Cavaco Silva decidiu vir a terreiro fazer a cobertura e o branqueamento da fuga declarada de Passos Coelho à Segurança Social. Pelos vistos, sua equívoca excelência já terá tomado conhecimento dos contornos do incumprimento e já terá inclusive aceitado a respectiva justificação. Reagiu como seria expectável. Fê-lo em nome do PSD. Aliás, corrijo, Cavaco conseguiu ir muito mais longe do que aquilo que o próprio PSD alguma vez se atreveria a ir em defesa da sua honra. Ao colocar uma fuga descarada e assumida aos impostos no plano da disputa meramente eleitoral, ao reduzir dessa forma um assunto de enorme gravidade de uma alta figura do estado ao nível da básica troca de galhardetes entre candidatos, ou até ao nível da colagem de cartazes e da distribuição de panfletos, Cavaco dá ele próprio, com parcialidade e total comprometimento, o tiro de partida na campanha do PSD às próximas legislativas.

Talvez fosse bom que uma mudança – corajosa, real, efectiva – viesse pôr termo a todo este “mal cheiroso” regabofe da vergonha

Acontece que esta atitude de Cavaco Silva não é apenas a demonstração, aliás já repetida, do seu fiel comprometimento com o partido e com o governo. Hoje mesmo foi também noticiado que “as bases do PSD” – ainda assim pelos vistos menos acintosas que o presidente da república – reduziram a questão a um problema de “gestão comunicacional”, mas “aceitando” e “apoiando” de forma reiterada e desavergonhada o seu amado líder. Tanto a postura de Cavaco, velha sabedora da praxis laranja, como a postura de aceitação “natural” das bases do partido a uma chico-espertice de atropelo à lei, só servem na realidade para demonstrar, uma vez mais, por que linhas se cosem ou se pretendem coser muitos dos que se filiam, militam e dirigem um partido como o PSD.

É que a questão de fundo vai de facto muito além da situação isolada de Pedro Passos Coelho.
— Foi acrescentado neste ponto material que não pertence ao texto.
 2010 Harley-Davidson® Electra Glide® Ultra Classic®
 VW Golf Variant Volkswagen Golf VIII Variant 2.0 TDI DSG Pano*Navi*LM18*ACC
As práticas de esperteza saloia por meios e relações de promiscuidade política, de jogos de bastidores, de esquemas, fraudes e fraudezinhas desde as leis fundamentais até aos favores autárquicos não são algo que aconteça apenas porque há dois ou três casos de gente “pouco séria” como “em toda a parte”. Não. É algo que nalgumas esferas partidárias é ensinado e estimulado com o argumento de que só recorrendo a tais práticas é que os aprendizes se conseguirão “safar na política” e com isso receber os desejados benefícios pessoais. É algo que medra como parte de uma estrutura que sobrevive pelo estímulo da vigarice permanente. Pela ideia de que tudo se compra e tudo se vende. Pelas teias da falsidade, da escapatória manhosa às leis, pela ganância e pelo jogo sujo. E o grande mal de tudo isto é que é precisamente nesta gentalha que tem recaído o voto e a confiança de muito boa gente. E talvez fosse bom que uma mudança – corajosa, real, efectiva – viesse pôr termo a todo este “mal cheiroso” regabofe da vergonha.